Often referred to as “Brazil’s Trump,” Bolsonaro has a solid and vocal fan base, mainly made up of middle-class voters and young people born after the dictatorship, that applauds his often wild outbursts. He has held second position in the polls all year.
“In a very fragmented election as this will be, his loyal base of voters could be enough to take him to the second round,” said Santoro.
However, according to opinion polls, Bolsonaro has the highest rejection rate among the candidates, a barrier to winning the second round.
He has also only managed to form a small coalition with a small hard-right party. If previous elections are anything to go by, the bigger the coalition, the more likely of a candidate making it through to the second round and winning.
One reason for this is because, in Brazil, the free and wide-reaching TV and radio campaign ad allocation time is dependent on the number of lower house congressmen in the candidate’s coalition.
With barely any TV time, Bolsonaro is betting on social media. He has over five million followers on Facebook, more than all of the other candidates. Some analysts, however, are not convinced.
“Strong social media presence by itself is not enough to win new voters, you are just preaching to the already converted,” said Marcos Faco, director of communication and Marketing at the Getulio Vargas Foundation, a business school.
“TV and radio remain the most effective methods of communication in an election,” he told Al Jazeera.

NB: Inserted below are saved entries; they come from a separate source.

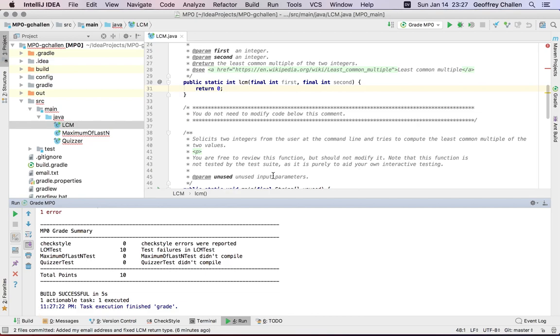So this says I got 10 points on the MP. I don't really, that's a nice way of helping me track my progress. But don't believe anything until it actually runs on the server, until you see your official score.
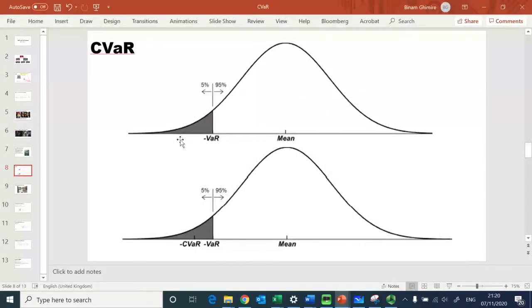Hello and welcome everyone, this is Benham. In this video I would like to talk about Conditional Value at Risk, and I will show you a real world example of five stocks where you will see how historical simulation VaR can be computed and compared with the Conditional Value at Risk.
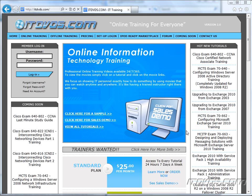Welcome to the ITDVDs.com YouTube channel. This is just a sample of the training available at ITDVDs.com. If you would like to see complete training, please go to ITDVDs.com. Now let's begin the sample.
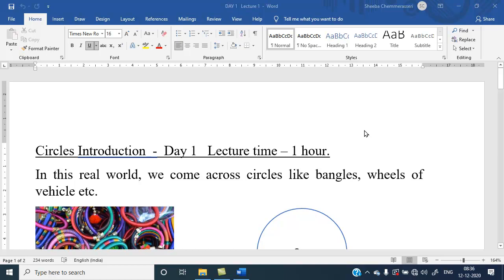Welcome to my YouTube channel Ignited Future Hub. Today we deal with circles. If you are new to my channel, please subscribe, like, and share. Today we deal with the circles introduction part.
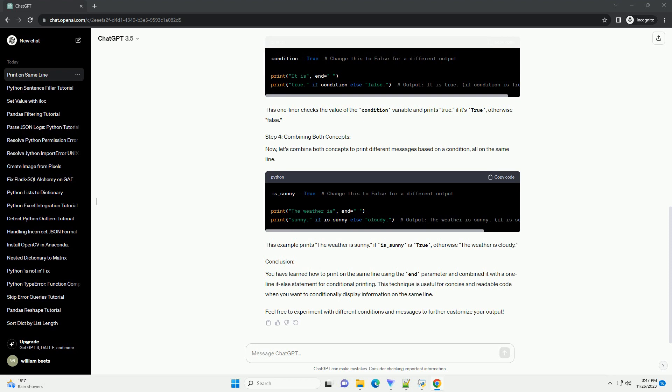use the end parameter with an empty string as its value. In this example, the end equals ensures that the space character is used instead of the default new line character.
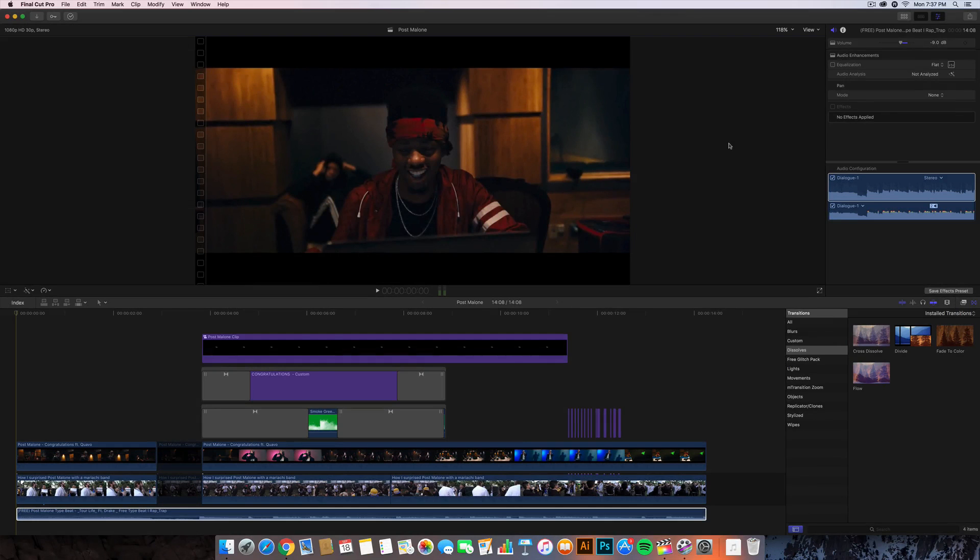What's going on guys? It's KingTutsPro back with another Final Cut Pro X tutorial. In today's tutorial I'm going to show you guys how to do the Lil Uzi Vert XO Tour Life music video intro.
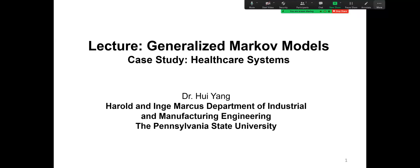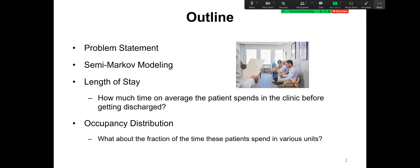Hello everyone. Today we are going to have a look at a case study on generalized Markov models of healthcare systems. This is the outline of today's lecture. First, we're going to discuss the problem: how to model the patient flows in the healthcare system.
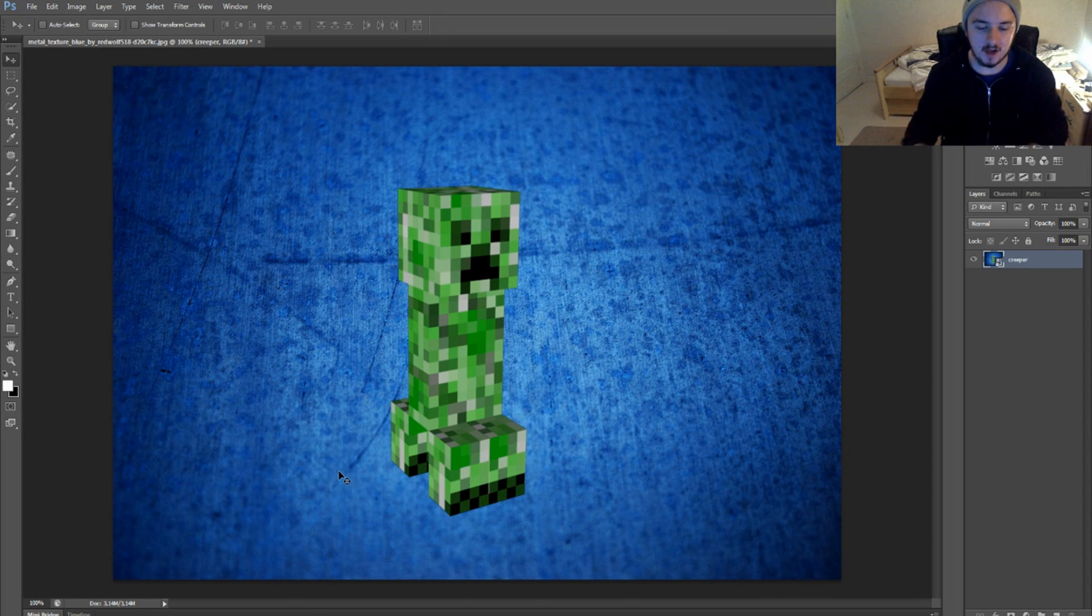So in this episode we're going to talk about how to add an outline on whatever you want. Without further ado, let's jump right into it. Okay, so as you can see I have a blue texture with a creeper on it. We're going to give this creeper an outline.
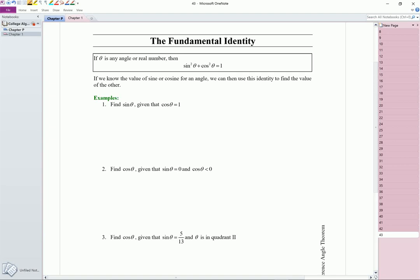You can use the fundamental identity, sine squared theta plus cosine squared theta equals 1, to find sine of theta if you know cosine of theta, and to find cosine of theta if you know sine of theta. So let's look at these examples.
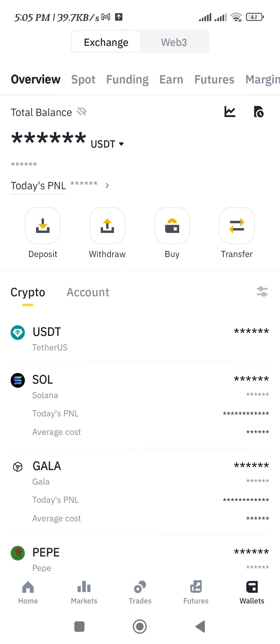In order to get it as cash on Binance, you will first have to convert your USDT from the spot wallet to the funding wallet. Then you can use the Binance P2P method to get the money into your bank account. Or if P2P is not available in your country and other methods like bank account transfer are available, you can use those as well.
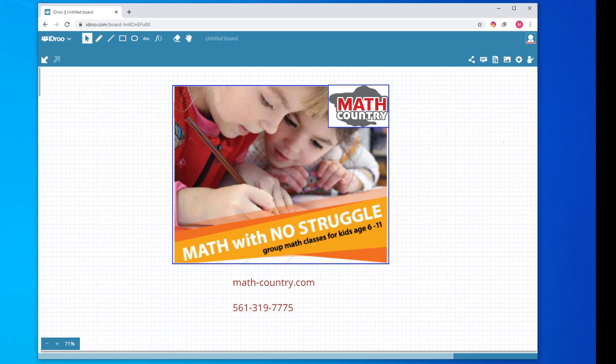Hello everyone, this is Math Country, online center of math, logic, and critical thinking.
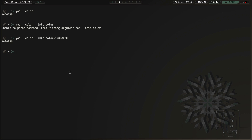Grim and slurp — those are Wayland screenshotting tools that allow you to grab a region of your desktop, from one pixel to however many, and pull information on those pixels. We're going to take that information, parse it, extract the pixel color value, and have Yad display that color.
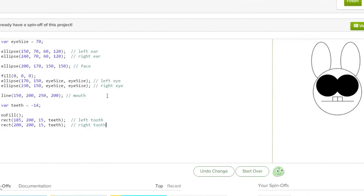Hello everyone. Today I'm going to be teaching you about coding variables. As you see, I already have a beautiful bucktooth bunny with his teeth pointing up with big eyes. So how do I do this?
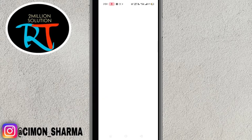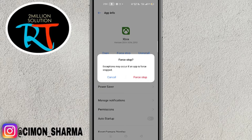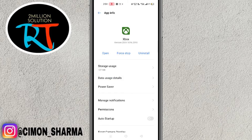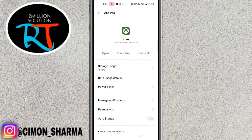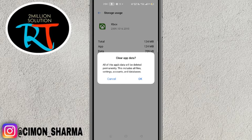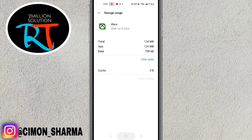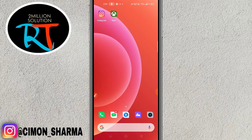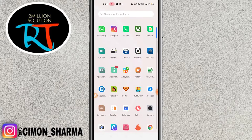Once you find Xbox, click on it, then tap the Force Stop button to stop the app. After that, click on Storage Usage and clear the cache, and also clear the data. After doing this, check whether the app is working or not.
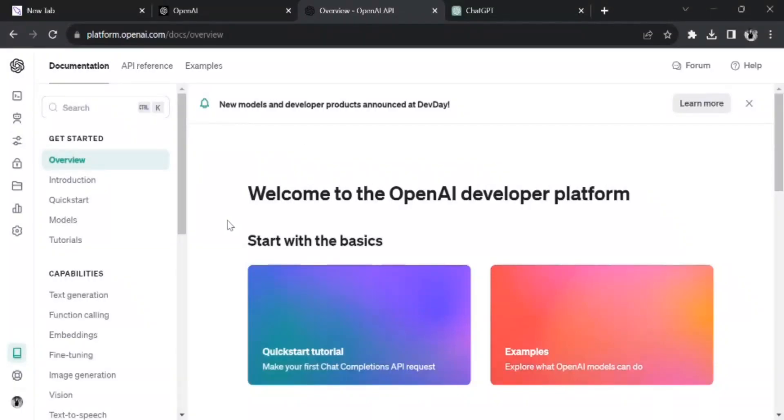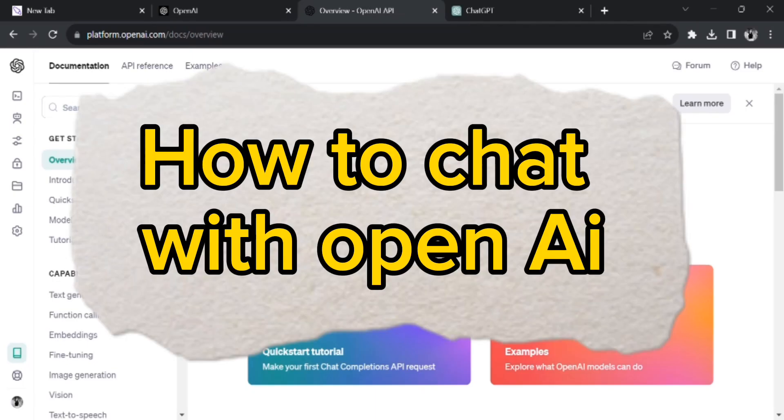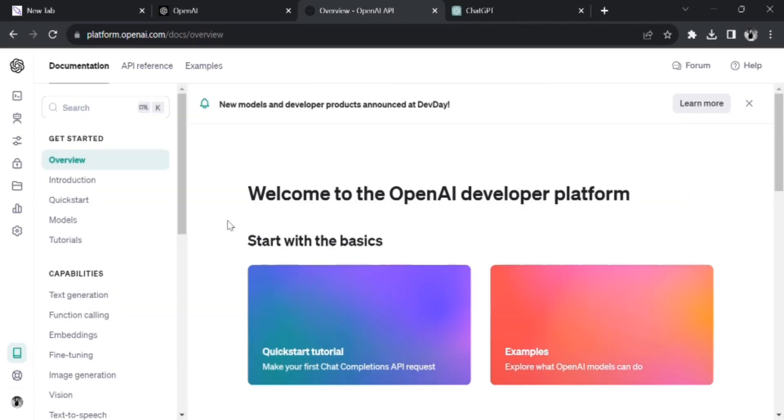Hello everybody, welcome back to One Two Step. I hope you all are doing great. In today's episode I'm gonna guide you through the tutorial video of how to chat with OpenAI. So to get started, first of all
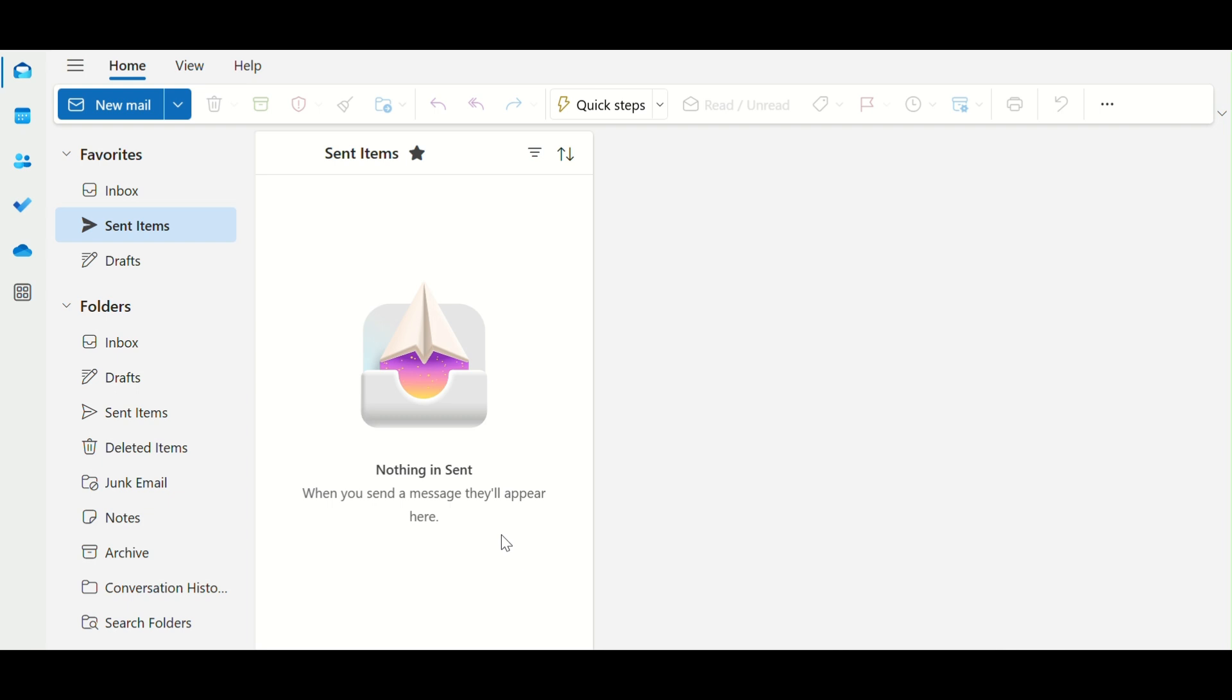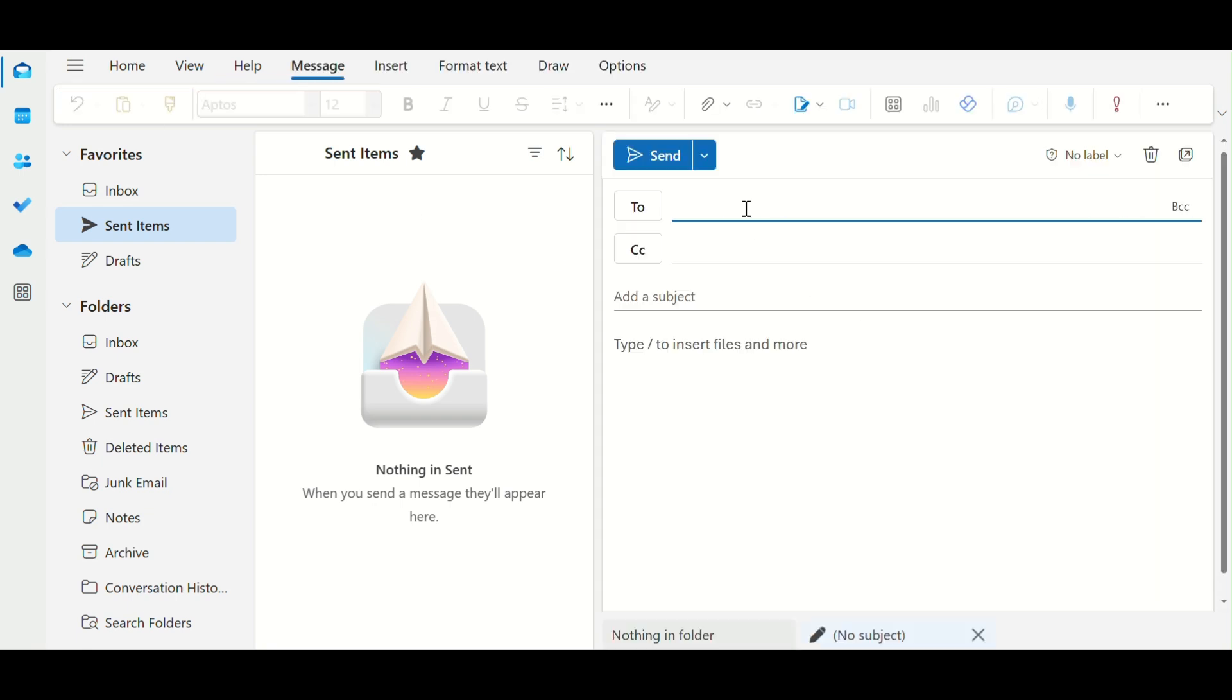Step 1. Open Outlook on your PC or browser, then click on New Mail to start composing an email.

Geraldo Alckmin, the market-friendly, centre-right former governor of Sao Paulo of the Brazilian Social Democracy Party, has the strongest coalition and the most TV and radio time but lags in opinion polls, though his support base is expected to grow.
He is seen as a continuation of the current government of the Democratic Movement Party’s Michel Temer, Brazil’s most unpopular president with a three percent approval rating, after corruption scandals and austerity measures, something rival candidates are expected to exploit.
“The main problem that Alckmin faces is that he is the candidate of the establishment,” said Santoro.
Other candidates include the centrist former environment minister Marina Silva and the centre-left former governor of Ceara state, Ciro Gomes.
Regardless of who wins, Brazil’s next president will have to govern with a fragmented congress, 40 percent of whom face investigations for corruption or other crimes, made of more than 30 mainly non-ideological parties, who provide support for projects and reforms in exchange for patronage.
Despite voter’s dissatisfaction and distrust of Brazil’s traditional parties, analysts expect politicians from big parties to use the big party system to their advantage to get re-elected, as a new public campaign finance system with limited funds will block new politicians from getting in.
Personal campaign funding is allowed, however, favouring candidates from business or agricultural backgrounds.
Brazil’s deficit continues to balloon and economists have noted that next year a series of economic measures, including pension reform and an attempt to address Brazil’s regressive tax system, should be made within six months in order to fulfil a federal spending cap rule. If the rule is broken, it could be grounds for the next president’s impeachment, unless deals are made with Congress to revoke the law, opening the door for more horse trading politics.
“The next president will face a difficult congress,” said Decat from XP Investments. “Factional interests could stop any necessary reforms being made.”